# 'haver' + 'participio'



## madrigal

Hola a todos. Me acabo de suscribir a este foro porque tengo muchas ganas de aprender este lenguaje. Me encanta la bossa nova y estoy enamorado de Brasil; aunque nunca he ido, quiero aprender un poco para planear un viaje.

En esta ocasión tengo dudas sobre el tiempo compuesto donde en español se usa el verbo 'haber' seguido del pasado participio. Quiero saber si en portugués-brasileño se usa tal tiempo. 

¿Es válido/común usar el equivalente de "yo he comprado este disco" en portugués?

A todo esto, ¿cómo se conjuga el verbo "haver" en pretérito?

Gracias por sus respuestas


----------



## Vanda

Bienvenido Madrigal, 

Para começar, você pode dar uma olhada aqui. 

Para conjugação de verbos, veja este dicionário, digite o verbo: haver e clique em conjugar.


----------



## Outsider

Olá, bem-vindo ao fórum. Embora não seja brasileiro, penso que este tópico não difere muito no português europeu e no brasileiro. A resposta à sua pergunta é complexa. Vou dividi-la em partes:

*1) É possível dizer em português o equivalente de he comprado? *

Sim, aparece algumas vezes em literatura (especialmente antiga) a construção "hei comprado". Mas hoje em dia é extremamente rara.

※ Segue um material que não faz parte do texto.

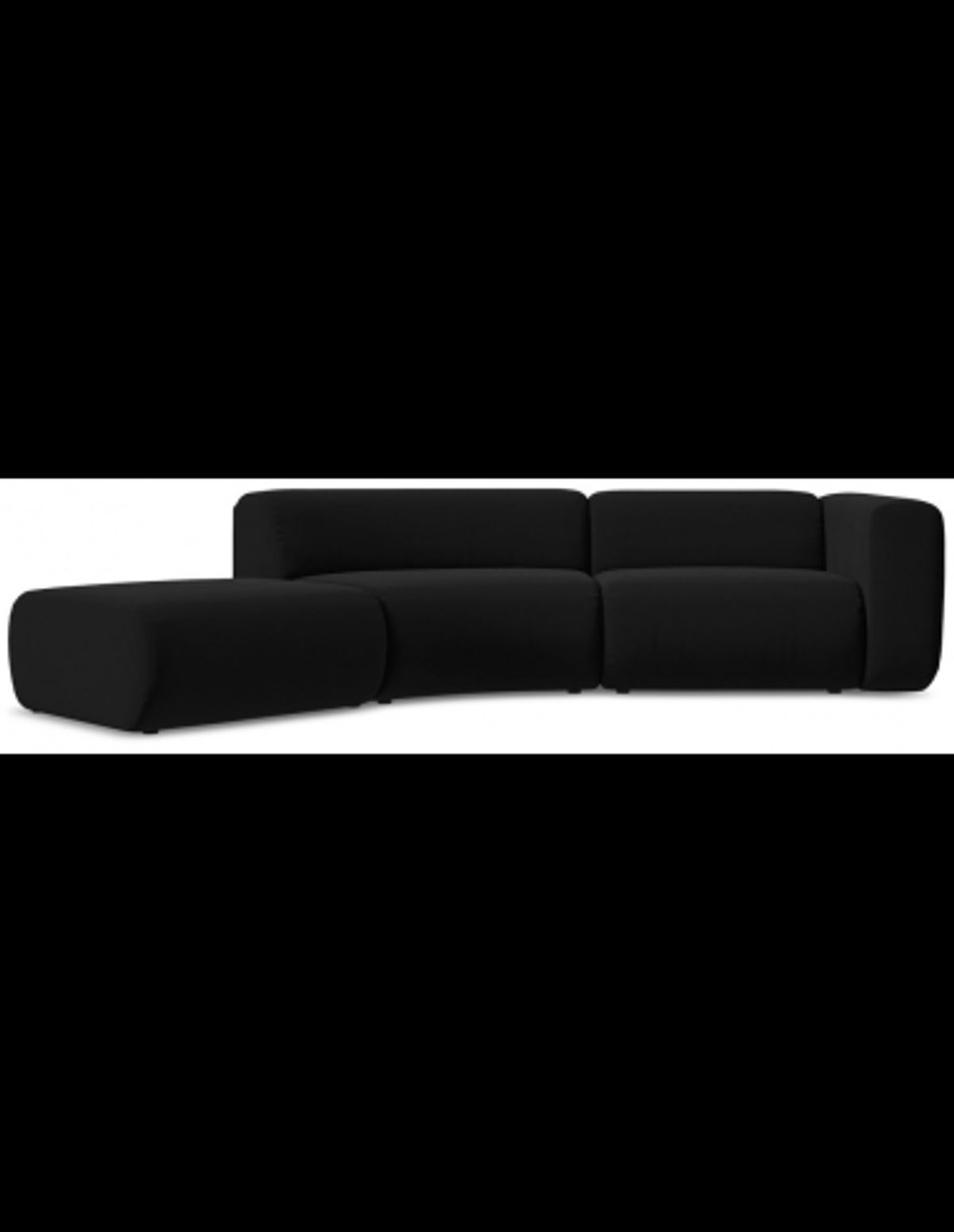 Ekahi buet venstrevendt chaiselong modulsofa i velour 335 x 166 cm - Sort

*2) Existe alguma paráfrase equivalente à espanhola que seja corrente no português contemporâneo? *

Sim, usando o verbo "ter" em vez de "haver": "tenho comprado". No entanto, esta não é a tradução mais habitual do espanhol _he comprado_.

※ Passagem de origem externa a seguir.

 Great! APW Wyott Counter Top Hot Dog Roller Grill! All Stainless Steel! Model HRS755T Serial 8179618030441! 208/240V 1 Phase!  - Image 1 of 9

*3) Então, como devo traduzir he comprado?*

Geralmente, traduz-se com o pretérito simples, "comprei". Em casos mais raros, poderá ser "tenho comprado". Depende do contexto. Para traduzir a frase _He comprado este disco_, tem mesmo de ser "Comprei este disco".


----------



## madrigal

Muito obrigado. Vocês ajudam-me muito com esta resposta.


----------



## BigStick

Hola!
sólo sé un poco de portugués, pero te puedo decir que por lo general se le agrega la terminación "ei" al verbo en participio. Ej:
"Eu compro este disco" (yo compro este disco)
"Eu comprei este disco" (yo he comprado este disco)


----------



## Outsider

Formalmente, equivale ao espanhol _compré_, embora tenha um sentido mais amplo, como se vê.


----------



## Vanda

Bigstick, não quero desanimar você,  mas a terminação -ei é só para a primeira pessoa. 

Pegando seu exemplo: comprar (pret.perfeito)
comprei 
compraste 
comprou 
comprámos 
comprastes 
compraram


----------



## Outsider

madrigal said:


> A todo esto, ¿cómo se conjuga el verbo "haver" en pretérito?

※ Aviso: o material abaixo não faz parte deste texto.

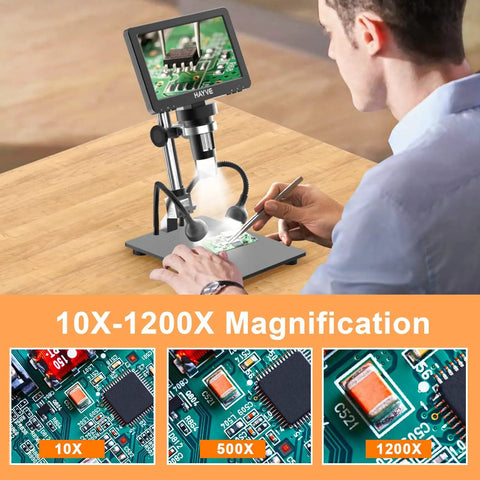 7 Inch HDMI Digital Microscope With 1200X Coin Magnification For Lit Coin Viewing On TV Or Monitor, USB PC Recording With 32GB Card, Capture Every Detail Of Your Coins In High Definition. 7-inch screen viewing circuit board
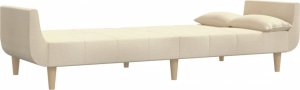 vidaXL 2-osobowa kanapa, 2 poduszki, kremowa, tapicerowana tkaniną 6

Já que perguntou, o pretérito do verbo "haver" é:

houve
houveste
houve
houvemos
houvestes
houveram

Mas hoje em dia praticamente só se usa a terceira pessoa do singular, "houve".


----------



## Alandria

No Brasil, só usamos em contextos formais com a forma do "haver" no pretérito perfeito:

"João havia feito um castelo de areia."

No Brasil, alguns falares Minas Gerais e Goiás usam bastante o verbo "haver" exprimindo desejo: 

"eu hei de comprar aquele DVD."
"Havemos de defendê-lo."


----------



## MOC

Alandria said:


> "eu hei de comprar aquele DVD."
> "Havemos de defendê-lo."




Esses dois exemplos são muito usados por aqui.


----------



## Macunaíma

Alandria said:


> No Brasil, alguns falares Minas Gerais e Goiás usam bastante o verbo "haver" exprimindo desejo:
> 
> "eu hei de comprar aquele DVD."
> "Havemos de defendê-lo."


 
Eu não saberia descrever os casos em que é usado o verbo haver na minha região, mas tem outras funções além de exprimir desejo. Às vezes exprime probabilidade e outras parece exprimir simplesmente futuro:

_Todos podem se candidatar, mas só hão de ser selecionados dois._
_Anda logo com isso que que seu pai já há de estar chegando._
_Não precisa trancar a porta que o Pedro disse que havia de chegar cedo._
_Podem ir dormir que eu só hei de chegar de madrugada._

Ainda fala-se assim no Alto Jequitinhonha, mas no resto do país é arcaico.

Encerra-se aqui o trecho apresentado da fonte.